Every record that follows must be duplicated exactly, with images left out.
━━ Materials provided ━━
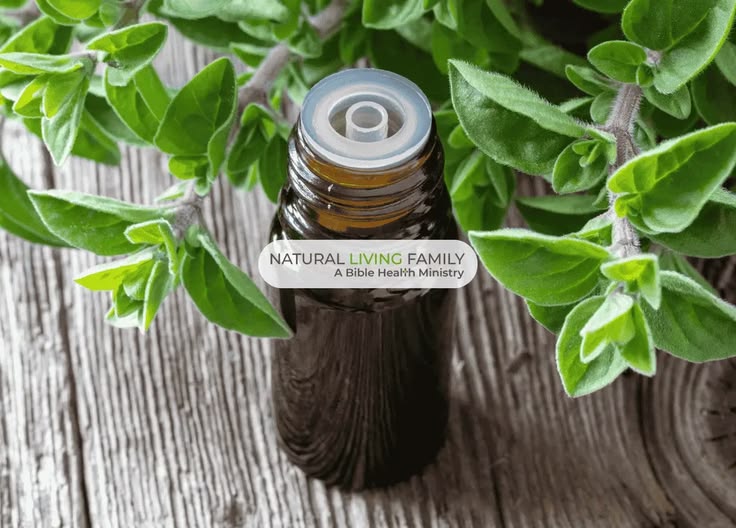 6 Ways Oregano Essential Oil Supports Overall Health & Immun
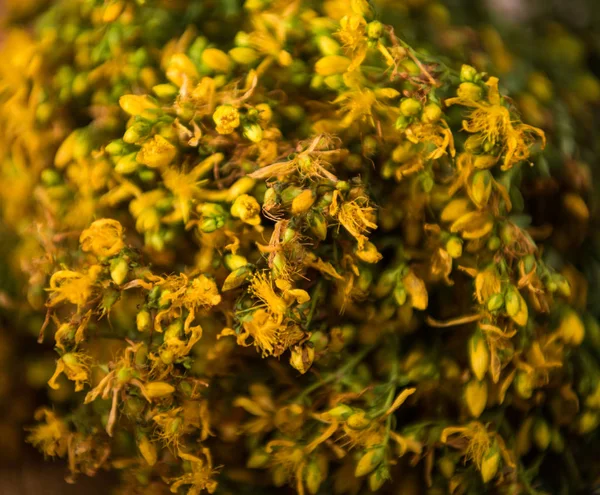 Bunch of  St. John's wort ready for drying for tea — Stock Photo, Image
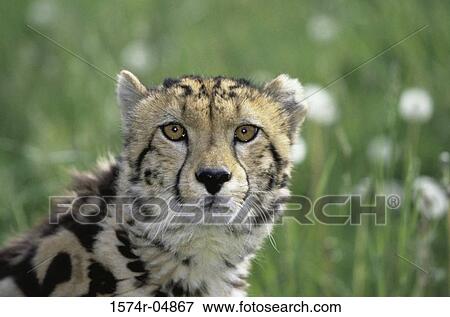 Close-up of a King Cheetah (Acinonyx Jubatus Rex) View Large Photo Image Stock Photo - Close-up of a King Cheetah (Acinonyx Jubatus Rex). Fotosearch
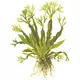 Microsorum pteropus Windelov - TROPICA (koszyk)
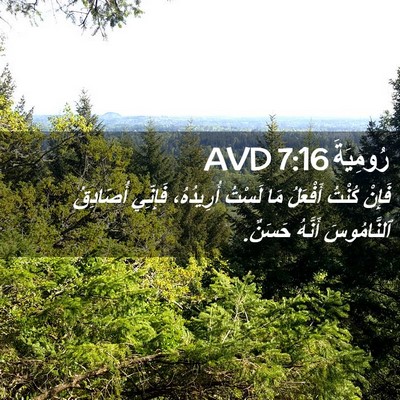 Picture 02 - رُومِيَةَ 7:16 AVD - فَإِنْ كُنْتُ أَفْعَلُ مَا - Bible Verse Picture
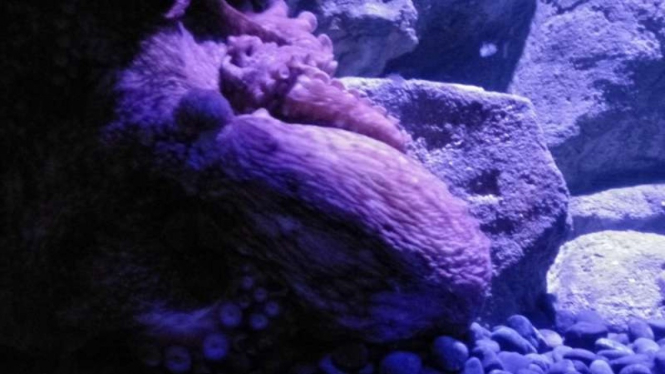 Kutu Laut di Jakarta Aquarium 
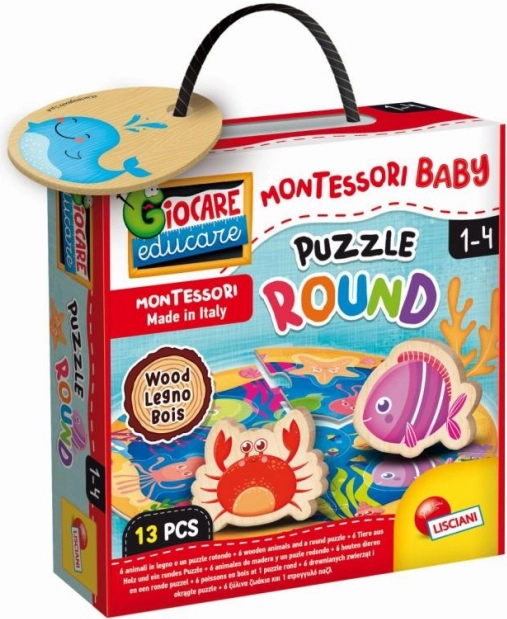 Montessori Wooden Circle Puzzle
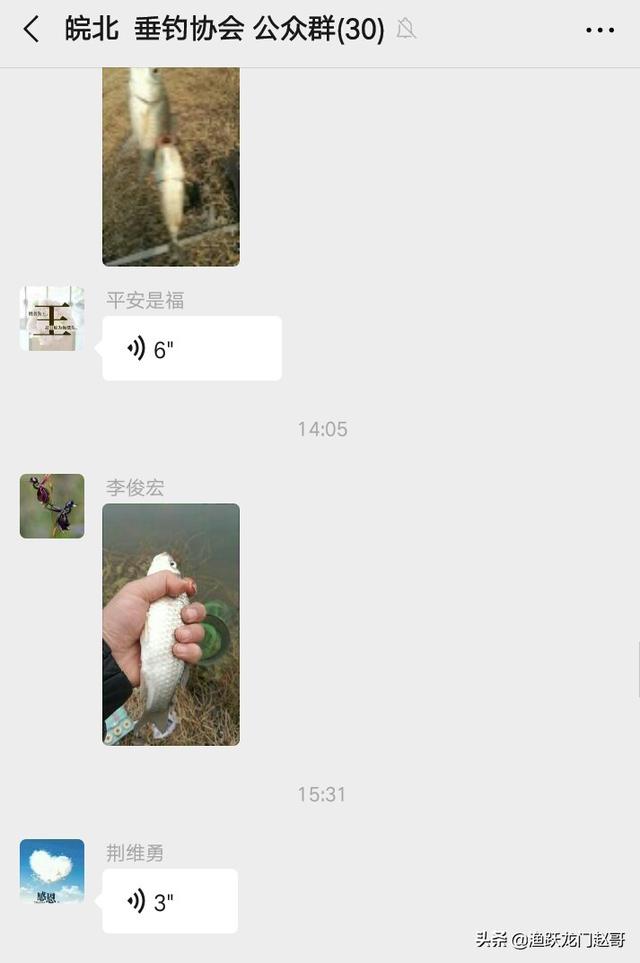 冬季专钓大鲫鱼偏方，专钓大鲫鱼偏方（这样的窝料就可以包打天下）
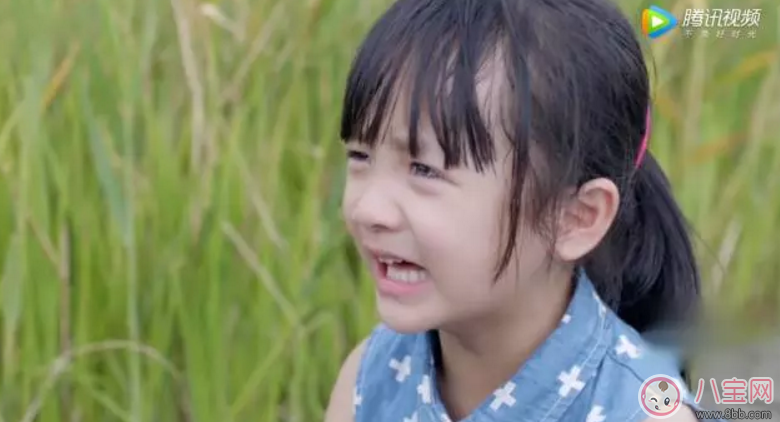 《美味奇緣》看了想睡覺！《美味奇緣》故事主線是什么？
━━━
Task solution:
 6 Ways Oregano Essential Oil Supports Overall Health & Immun
 Bunch of  St. John's wort ready for drying for tea — Stock Photo, Image
 Close-up of a King Cheetah (Acinonyx Jubatus Rex) View Large Photo Image Stock Photo - Close-up of a King Cheetah (Acinonyx Jubatus Rex). Fotosearch
 Microsorum pteropus Windelov - TROPICA (koszyk)
 Picture 02 - رُومِيَةَ 7:16 AVD - فَإِنْ كُنْتُ أَفْعَلُ مَا - Bible Verse Picture
 Kutu Laut di Jakarta Aquarium 
 Montessori Wooden Circle Puzzle
 冬季专钓大鲫鱼偏方，专钓大鲫鱼偏方（这样的窝料就可以包打天下）
 《美味奇緣》看了想睡覺！《美味奇緣》故事主線是什么？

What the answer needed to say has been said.